DATA UNDER STUDY START

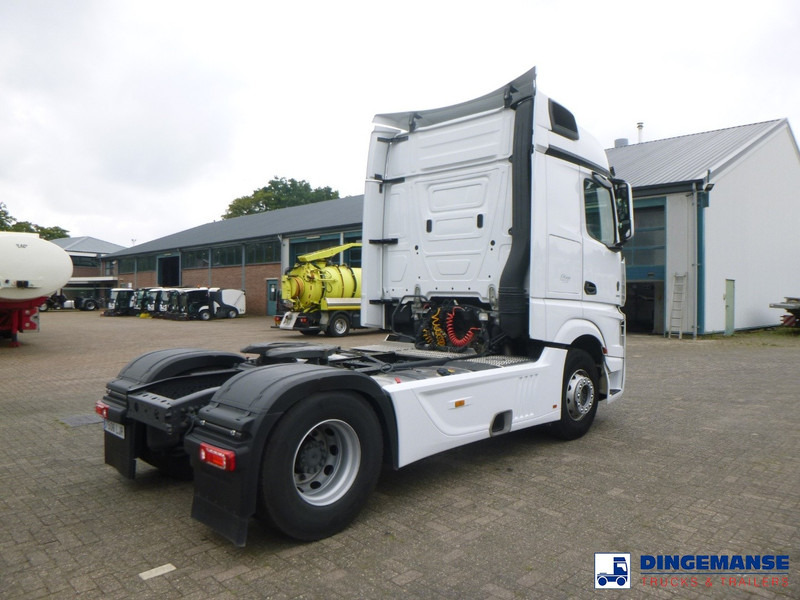 Mercedes-Benz Actros 1851 4x2 Euro 6 + Retarder - Nyergesvontató: 4 kép. Mercedes-Benz Actros 1851 4x2 Euro 6 + Retarder - Nyergesvontató: 4 kép.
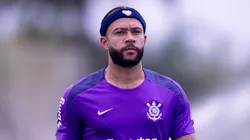 Memphis Depay em treino no CT Joaquim Grava - Foto: Agência Corinthians - Rodrigo Coca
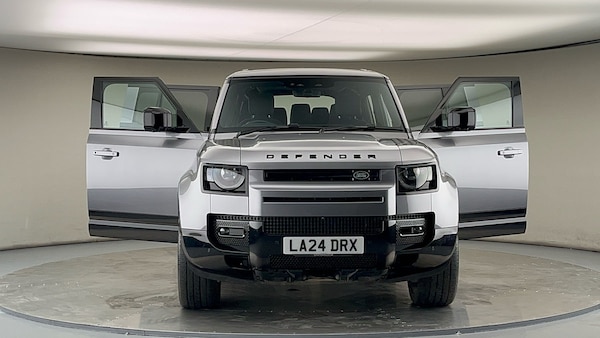 Used Land Rover Defender 110 2024 for sale - 75833395: Photo 52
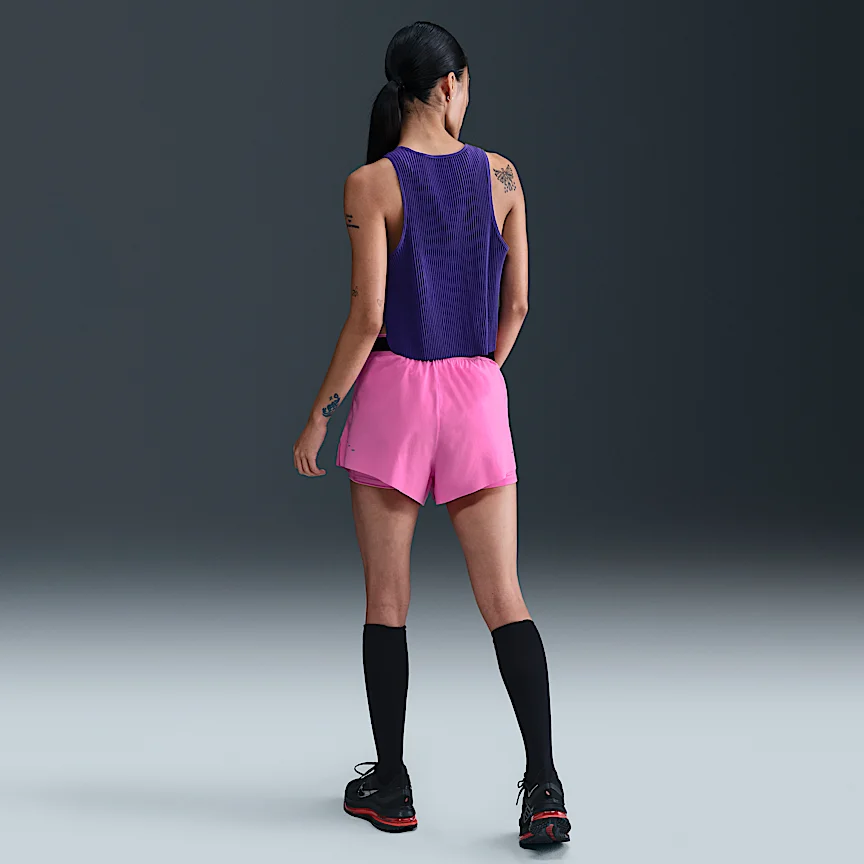 NIKE スウィフト — ウィメンズ Dri-FIT ミッドライズ 2イン1 ランニングショートパンツ - Image 4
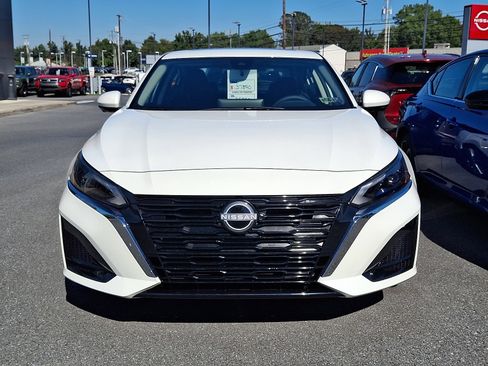 New 2025 Nissan Altima 2.5 SL image 2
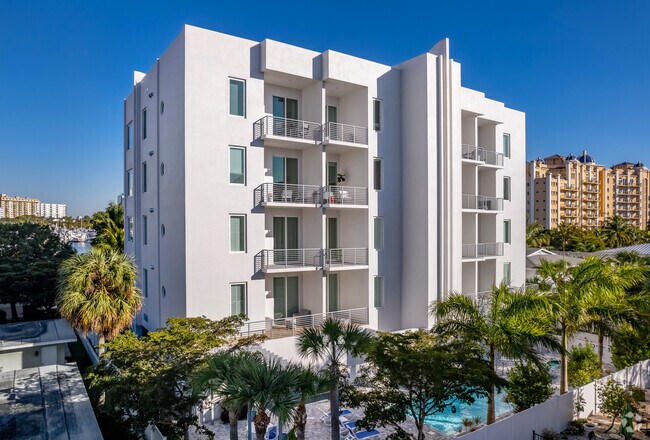 Building Photo - 609 Golden Gate Pt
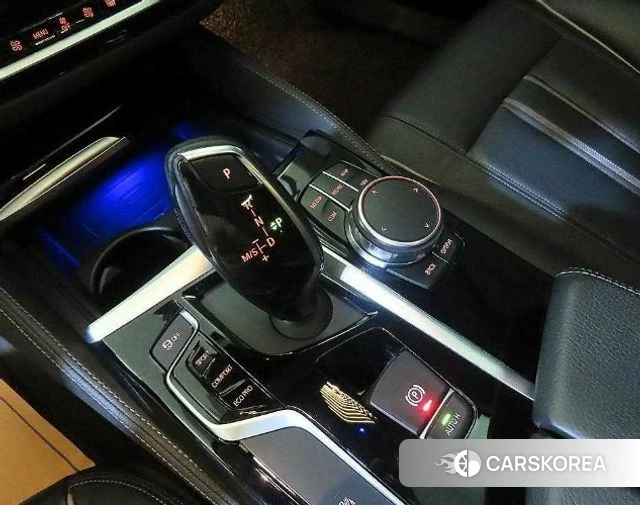 BMW 5 Series (G30) 2018 Белый из Кореи, фото 4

DATA UNDER STUDY END

WHAT NEEDS TO BE DONE: Print exactly, and only, the lines from the line containing "Used Land Rover" to the last line of the material above, with every picture left out.

OUTPUT FOR THIS TASK:
 Used Land Rover Defender 110 2024 for sale - 75833395: Photo 52
 NIKE スウィフト — ウィメンズ Dri-FIT ミッドライズ 2イン1 ランニングショートパンツ - Image 4
 New 2025 Nissan Altima 2.5 SL image 2
 Building Photo - 609 Golden Gate Pt
 BMW 5 Series (G30) 2018 Белый из Кореи, фото 4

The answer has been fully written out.